J.B. Spins

Jazz, film, and improvised culture.

Monday, July 29, 2013

Trueba’s The Artist and the Model

While it is not exactly Casablanca, plenty of war refugees will find their way to this French Pyrenees village.  Some are fleeing the German occupiers, but Mercè has escaped from one of Franco’s prison camps on the other side of the border.  However, she has the perfect look for sculptor Marc Cros.  His creative inspiration will flow once again as they share a mutual respite from war and the other messy concerns of life in Fernando Trueba’s The Artist and the Model (trailer here), which opens this Friday in New York.

Despite her bedraggled condition, Cros’s indulgent wife Léa recognizes Mercè as her husband classic model-type. He too comes to agree after Madame Cros cleans and feeds the young woman.  Soon they are off to his remote mountain studio, where she will earn her keep modeling for the man who considers Matisse a close friend and colleague.  He had essentially withdrawn from life, so any spark she might kindle will be all to the good.  After all, Cros is eighty years old and decidedly world weary.  Yet, as they while away the hours in amid the natural beauty of his rustic lodge, she re-awakens his passions as an artist and a man.

The lulling effect of their temporary oasis is so seductive, viewers are apt to lose sight of Trueba’s wartime setting.  Occasionally, events intrude on their idyllic interlude, such as Werner, an upper class German officer and art historian, who has been writing the definitive book on Cros.  He is an intriguing character Götz Otto never really has adequate time to explore.

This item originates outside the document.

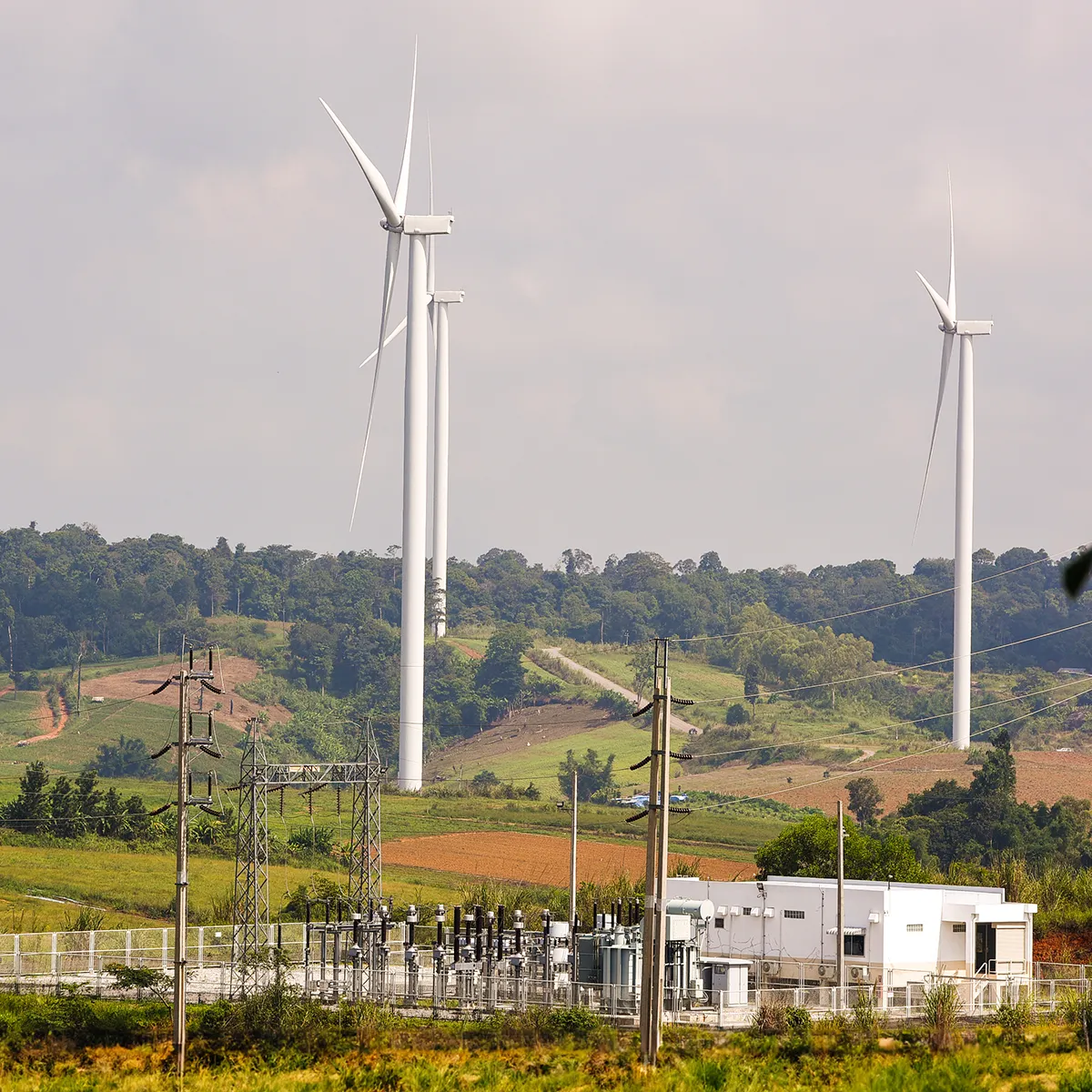 Actuators solutions supplied by CSE WAF in operations on a New Zealand wind farm to drive the blade pitch control and optimise aerodynamic efficiency at varying wind speeds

Aside from Claudia Cardinale’s wonderfully wise and mature appearance as Léa Cros, A & M is essentially a two-hander, featuring two enormously photogenic co-leads.  It is impossible to stifle a sigh when gazing at Jean Rochfort’s deeply creased face and profoundly sad eyes.  Conversely, Aida Folch’s Mercè looks as if she might have stepped out of a Renoir painting.  Yet, she has a darker, more mature presence than the coquettish Christa Théret in Gilles Bourdos’s Renoir, an obvious comparison film.

For Trueba, A & M represents a triumph of mise-en-scène, worthy of an artist like Cros.  Indeed, Daniel Vilar’s black-and-white cinematography is truly exquisite and every richly detailed corner of Cros’s studio sets could be the subject of a rewarding still life.  Clearly, Trueba privileges on-screen composition over narrative in his hothouse fable.  It is definitely a slow burner, with the emphasis on slow, but that is not necessarily a bad thing.  Lovely to look at, The Artist and the Model is recommended for mature viewers who appreciate the manner Trueba intertwines the melancholy and the erotic.  It opens this Friday (8/2) in New York at the Paris Theatre.